The state-of-the-art in the area of information discovery using machine learning mostly centres on supervised learning techniques. Those techniques are based on training an algorithm on sets of text from each topic to learn a predictive function, which in turn is used to classify new texts into a previously learnt topic [3]. A limitation of this approach is the scope of the topics: If a new text about an unforeseen topic is presented to the algorithm, such as a new crisis, it will wrongly classify it as one of the existing topics. Another challenge is that crises are diverse and the number of topics discussed in social media during a single crisis is large, dynamic, and changing from crisis to crisis. Moreover, applying a classifier trained on data from previous disasters on the next disaster may not perform well in practise. This can be explained by the fact that the next disaster will typically be more or less unique compared to the previous ones. Accordingly, a loss of accuracy occurs even if the crises have many similarities. Alternatively, unsupervised techniques try to look for co-occurrences of terms in the text as a metric of similarity [4] or infer the word distribution of a set of words the text contains and use it for document clustering [5]. Moreover, different methods based on graph theory has been used to extract information from a document. As an example, a graph based ranking model for document processing was adopted to extract key words from a text document [6]. In addition, a stochastic graph based method has also been employed to extract the most important sentence in a text document [7].

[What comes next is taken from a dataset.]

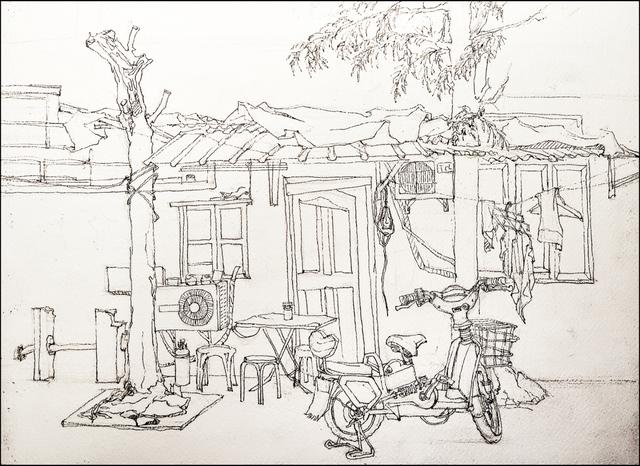 水彩随笔|记录下城市一角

Recurrent Neural Networks and its long-short term memory variant have emerged as an efficient model in a variety of application involving sequential data [8]. This includes handwriting recognition [9], speech recognition [10], and video analysis [11]. As an example, RNN was trained on Wikipedia articles for text generation with great success. The power of recurrent neural network comes from their high dimensional hidden state with non-linear dynamics which has the ability to remember and process past input information [12]. The goal of this paper is to make a model that summarises and reproduces content from massive Twitter streams. The model is based on recurrent neural network to predict the next character in a stream of text. The approach allows to generate a text that compresses the information contained in the text that the network has been trained on.

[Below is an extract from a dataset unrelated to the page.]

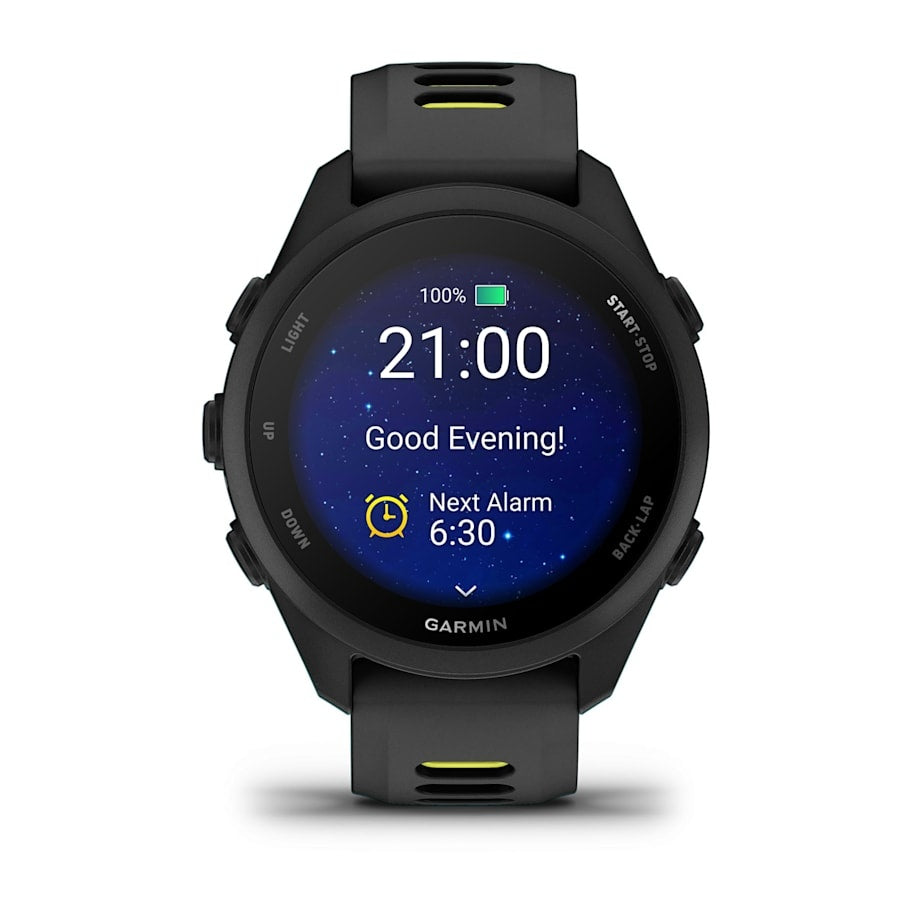 Garmin Forerunner 170 43MM Smartwatch - Schwarz & Amp Yellow | 49-GAR-010-03920-00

This paper is organised as follow. Section 2 gives an overview of the state-of-the-art twitter analysis in crises situations. Section 3 introduces recurrent neural network and illustrates its basic features. Section 4 proposes a recurrent network based model for topic discovery in crisis related twitter data. Section 5 presents tests and results of the model. Finally, Sect. 6 concludes and provides pointers to further work.

2 Twitter Analysis for Crisis Situations

There is no doubt that valuable, high throughput data is produced on social media only seconds after a crisis occurs [1]. To cope with the complexity of the social media data, and extract information from crisis related messages, machine learning techniques have been applied [2]. Two main approaches were investigated: supervised and unsupervised learning.

In a supervised approach, the goal is to classify a social media message as part of one particular crisis event. To achieve this, the algorithm learns a predictive function so that it can classify any new unknown message as part of one of the categories of crises. A number of approaches have been investigated including Naïve Bayes, Support Vector Machine (SVM) [13], Random Forests [14], and Logistic Regression [15]. Further, some research focus on only analysing tweets containing certain keywords [2]. In this way, the tags can replace manual labelling for training. As an example, SVM was used to classify tweets related to earthquakes and landslides [3, 16]. In a supervised approach, labels are necessary for training the classifiers, but they might be highly difficult to obtain especially in the case of multi-language messages or context knowledge [2]. To address this problem, unsupervised learning techniques are used.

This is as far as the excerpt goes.